I’ve always been fascinated by liminal and in-between spaces. There is something very rich and latent and a tad edgy about these spaces. It is a feeling of possibility and potentiality and of uncertainty and change. Liminal spaces are often described as transitional, and as physical spaces they can seem forlorn, emotionally they can feel as if you are in a washing machine and metaphorically, a leap of imagination which can happen to me making of an artwork. When I look back on my art practice, I can see that I often like to work with liminal spaces.

Some physical examples are often sited as hallways or an airports. I remember reading Kathka many years ago and I was struck by his short story about the dustballs in the corner of a room and not only corners, his whole story was a liminal reading experience! As a child I still remember sensing the most frightening animals under my bed in the middle of the night. River systems are a rich meeting place on the riparian zones, where both land and river merge.

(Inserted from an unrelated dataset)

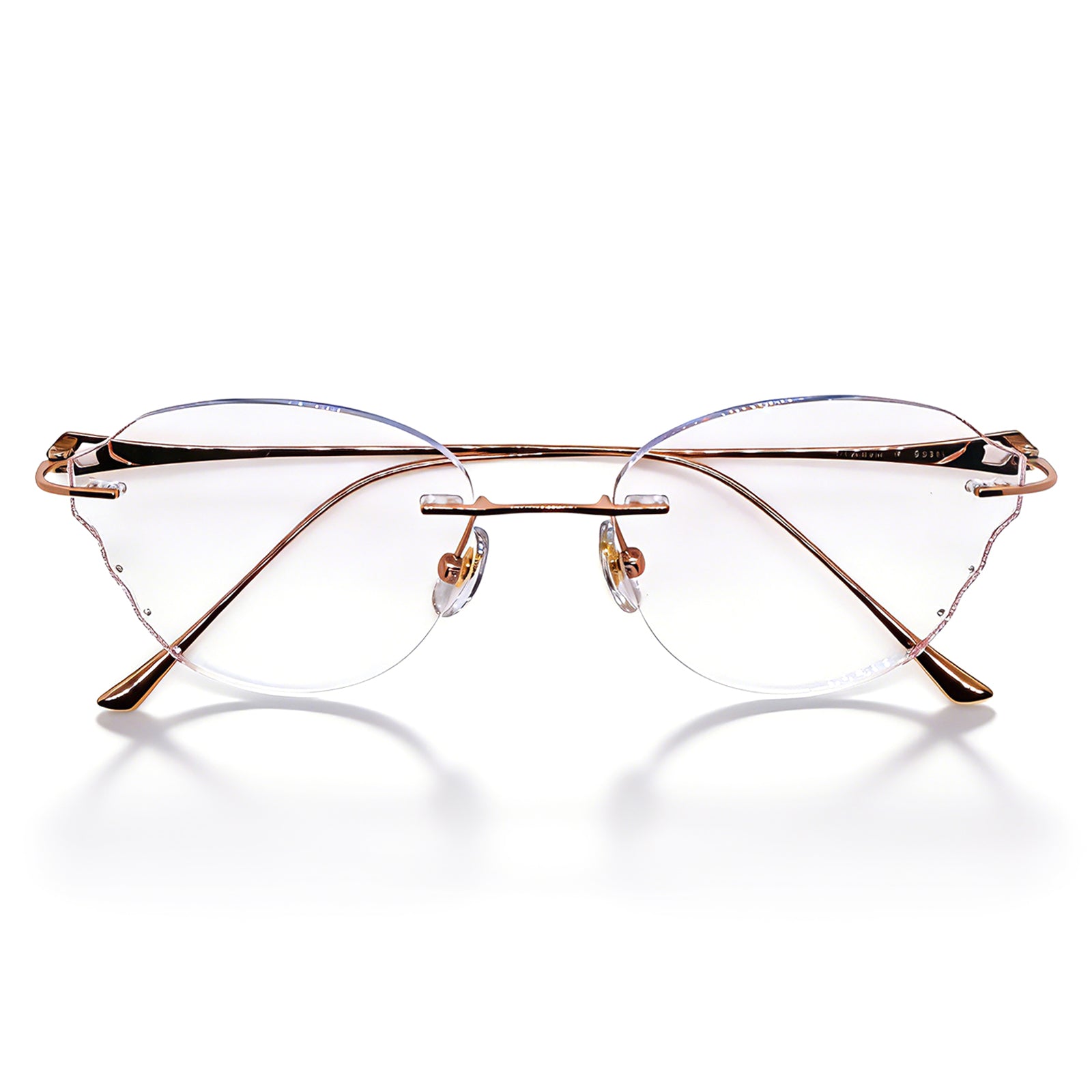 Rose Gold Cut-Edge Rimless Eyeglasses for Women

Here on the Clarence River in Northern NSW, it is still tidal at Seelands, 30km up from Grafton and about 70Kms from Yamba where the river meets the ocean. The intertidal areas form a rich moist area where native plants and animals flourish. In powerful floods here, where the River rises 20m in the height of big floods here, trees are swallowed whole and the River becomes a moving sea across the floodplains.

Emotionally it could be a life transition such as my eldest granddaughter who is now a pre-teenager, experiencing the highs and lows of a transitional period in her life. Ideas can feel liminal, when they are half-formed and just moments away from reaching or expressing them fully. If I don’t move on them, or write them down they just float away. I love to walk along the beach within intertidal zones, where the ebb and flow of the ocean waves deposit many gifts to the critters that live there. It is a rich place for crabs, pippees and sea birds to breed.

Liminal spaces cross time. I love to get up pre-dawn, to greet the day when all is quiet and no noisy neighbours. I feel into the day, seeing the night critters scutter away as the birds slowly wake to the dawn chorus. As the day closes, the colours of dusk upon the river, are quite magnificent with silvery glistening highlights and golden reds and orange painted across the water’s surface. I did a wonderful yoga session this morning and we spoke about the space between breath. Yoga uses breath and movement to tune in and be present. That is the lesson of liminal spaces, an awareness of change and ‘the now’ and at its best it is a letting go of the anxiety of the future and the pain of the past.

I’ve been pondering liminal spaces with Will Rodgers, fellow creative and fabulous sound ecologist who works with me on site-specific exhibitions. He was rather excited about fungi and their relationships to trees. Well, I was captivated straight away, and this is a project on the liminal list! Hidden down in the depths of the soils, these fungi are interconnected with the well-being of trees, breaking down matter for healthy soils and habitat.

Not far away from where Will lives, is the most magnificent, and patterned root system of a River Oak Tree (a future relationship to develop and become a Tree portrait). This Oak is perched upon a rocky outcrop below waterfalls on the Severn River. This river flows to the west, (the Clarence flows to the east) and it is found in traprock country. The Tree’s roots twirl around rock, gripping for tenacious life when the raging and powerful floods pours forth from the rocky outcrops to the River below. I had a few days away with him, up near Stanthorpe where they are totally off the grid and surrounded by 40 acres of beautiful bushland and I flourished amongst the beautiful trees there. They have a very thriving and healthy garden too. Encircled by netting to keep out the Wallaroos, it really emphasised how our gardens are an in-between space. A controlled nature, on the edge of native habitat.

When I work with watercolour, I use the river and the movement of the water with the pigment, as wet on wet and in the studio, wet on dry. There is a loss of control when using the flow of water and the pigment across the page. This is a transition period in the artwork, it moves and flows with the water. I can control some things like how damp the paper is or how loaded the brush is with a particular pigment, but the way the water moves and reacts across the page is of itself, with its own properties. This is what I love about my art practise, the testing, experimenting, and forcing myself to go beyond, which is for me a means to get out of my head and into my body and being present. As I work the pencil with the colour, there is a reciprocity between the processes. When I form a relationship with the Trees and really feel my way into the process and the paper matrix, I am present. When I am present, my imagination can travel and whisper to the Trees if I choose to hear them.